My opinion? The UK is the first in the world. Although with things like PME I'd say you guys are going backward, not forward.
Adopting MCBs and RCDs in the 80s and 90s was as much about cost and refresh cycles of installation than by standards, or would it be better if now nobody could do any electrical work unless they bought a new CU filled with AFDD? They are safer, so is the cost-benefit trade off of many homes not being repaired or upgraded better than allowing such technology to be adopted as it becomes affordable?
AFDDs aren't safer. They came about for the exact reason the US does not test or have any restrictions on R1+R2.
Many 3rd world countries (and the USA <cough>)do not test fully, or have such high standards of design, so are they better than the UK approach?

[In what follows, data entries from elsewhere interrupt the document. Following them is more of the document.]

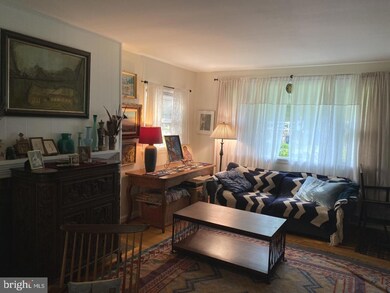 6617 Dearborn Dr, Falls Church, VA 22044 - photo 4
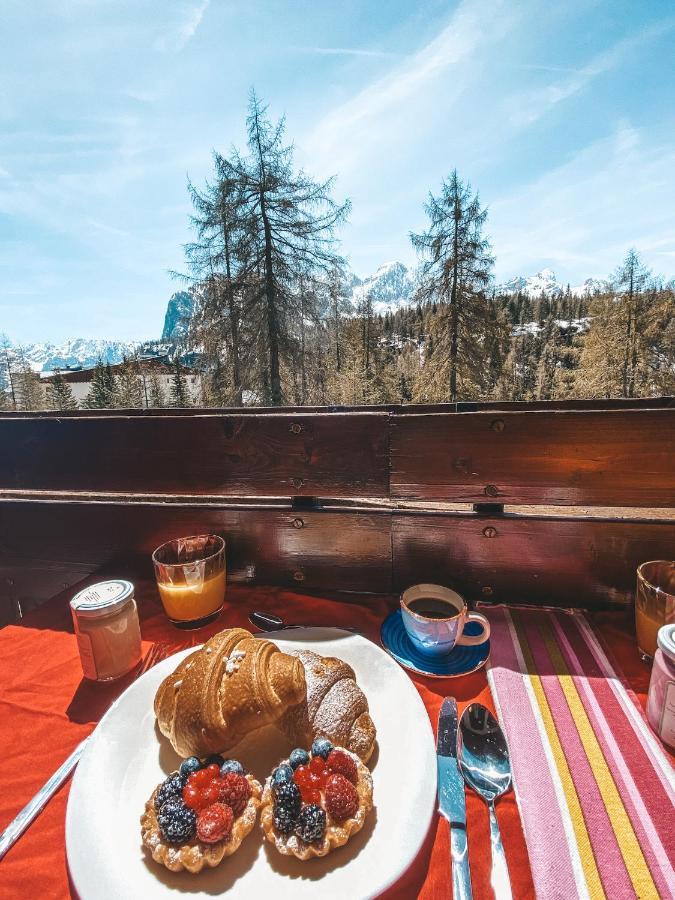 Una Perla A Cortina Cortina dʼAmpezzo Exterior foto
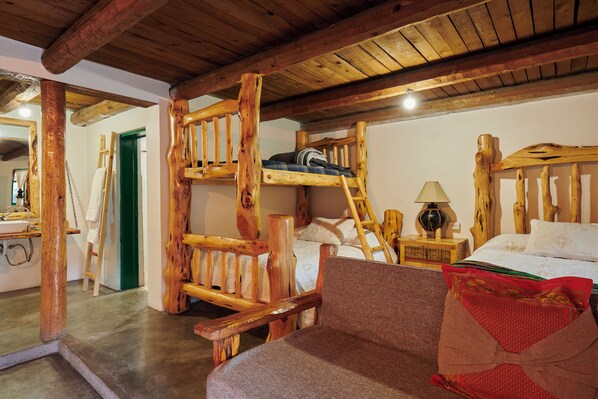Room - PARQUE CUEVA DE LOS LEONES (Creel)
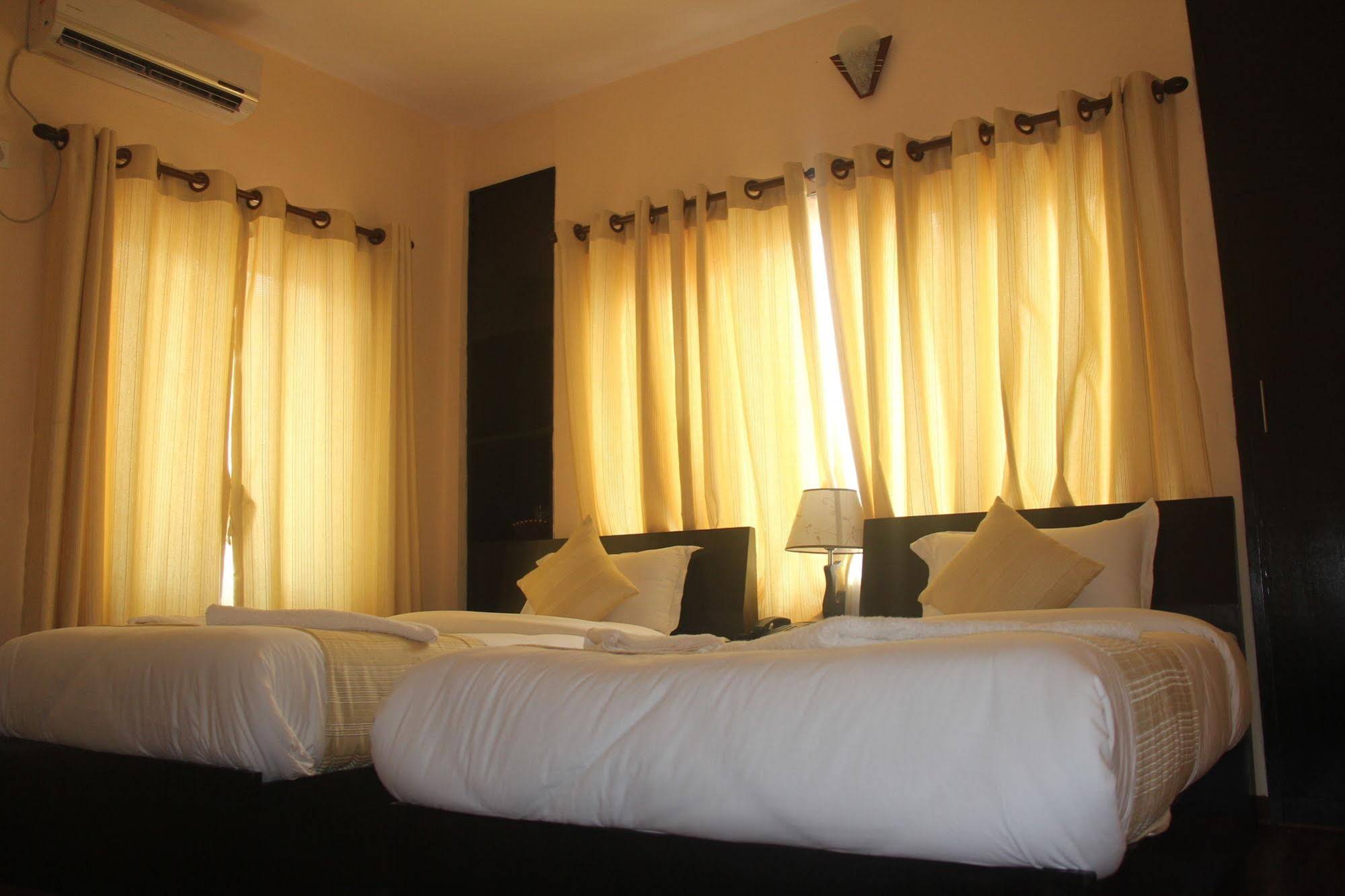 Hotel Dream City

I'd say its highly lopsided, major superiority mixed in with major deficits. The NEC is highly conservative typically resulting in services, feeders and branch circuits which are loaded to less than half of their already conservative rating. NEMA and UL equipment tends to be more robust than IEC equipment. Lug burn ups are less common in the US. Protection of wire is much more strict.
On the other hand earth wires are about 1/10th the size of current carrying wires, no testing, no loop impedance, no disconnection time requirements, no real de-rating for insulation, limited RCD use, no sleaving, no finger isolation in open equipment, less arc flash mitigation...
The thing is the NEC is more ligation driven. Under sized earth wires aren't making themselves well known due to steel framed buildings dominating universally wired in metal conduit which in of itself is recognized as an "effective ground fault current path". But with more large scale wooden buildings (like apartments and nursing homes) and I can see it making itself known... as such code will either change Table 250.122 or require GFP/GFCIs on all feeders and branch circuits.
I am not going to lie- article 250 of the NEC for years has been a hurriance of debate, revision, and misguided electrical theory.